▸ WHAT IS EXPECTED
Required from the data below: the exact lines starting at the line containing "Tenis SikSilk Hombre Negros y Dorados" and ending at the line containing "Uil - Boomstronk", with both ends kept and all pictures dropped.
TASK INPUTS Start Marker
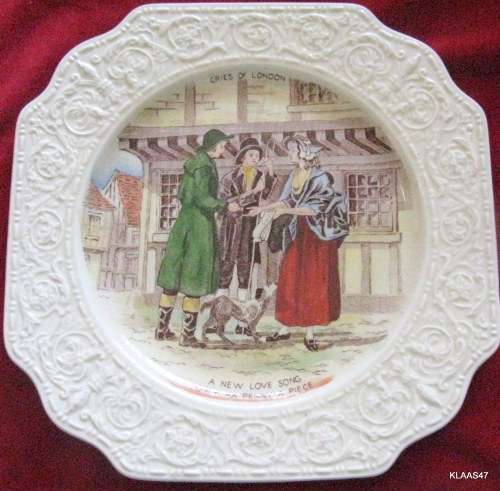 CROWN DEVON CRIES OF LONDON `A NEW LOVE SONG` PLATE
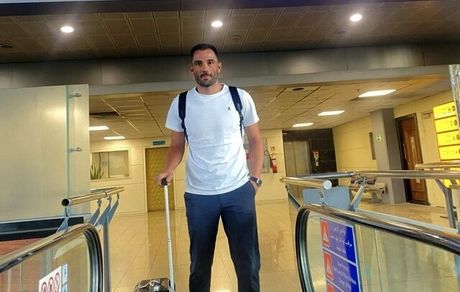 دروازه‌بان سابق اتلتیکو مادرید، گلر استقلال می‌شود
TASK INPUTS End Marker
TASK INPUTS Start Marker
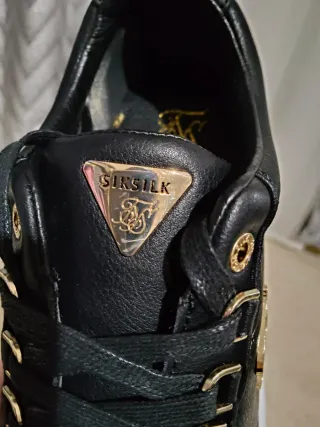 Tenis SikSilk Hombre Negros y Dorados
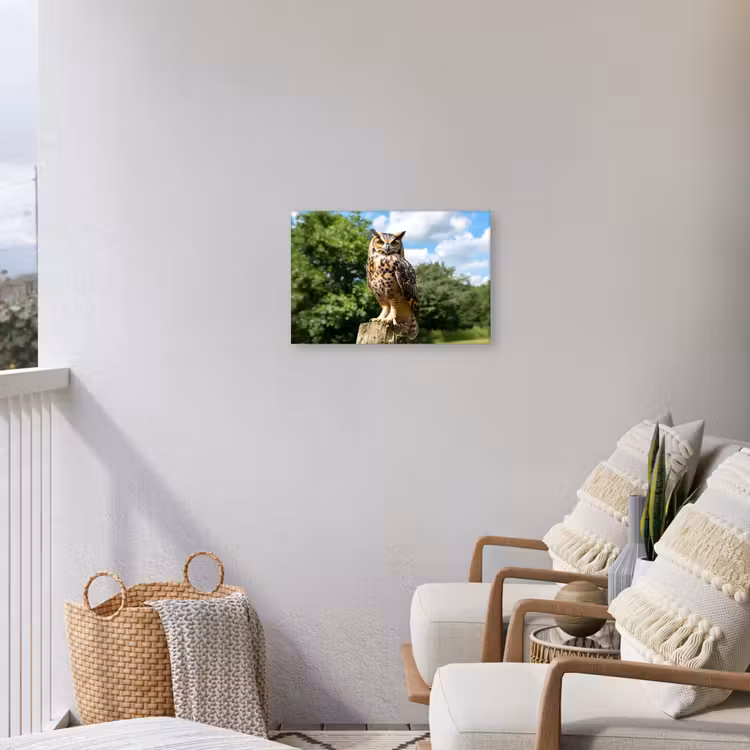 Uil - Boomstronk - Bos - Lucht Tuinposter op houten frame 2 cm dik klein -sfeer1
TASK INPUTS End Marker
TASK INPUTS Start Marker
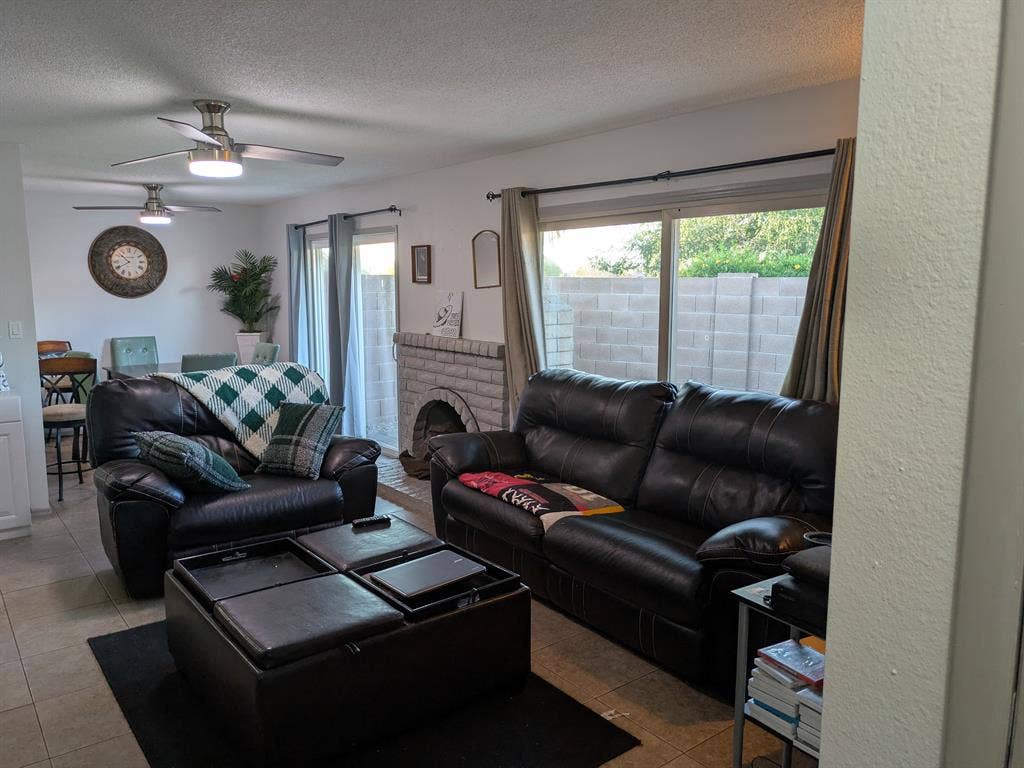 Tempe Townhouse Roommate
TASK INPUTS End Marker
▸ EXPECTED ANSWER
 Tenis SikSilk Hombre Negros y Dorados
 Uil - Boomstronk - Bos - Lucht Tuinposter op houten frame 2 cm dik klein -sfeer1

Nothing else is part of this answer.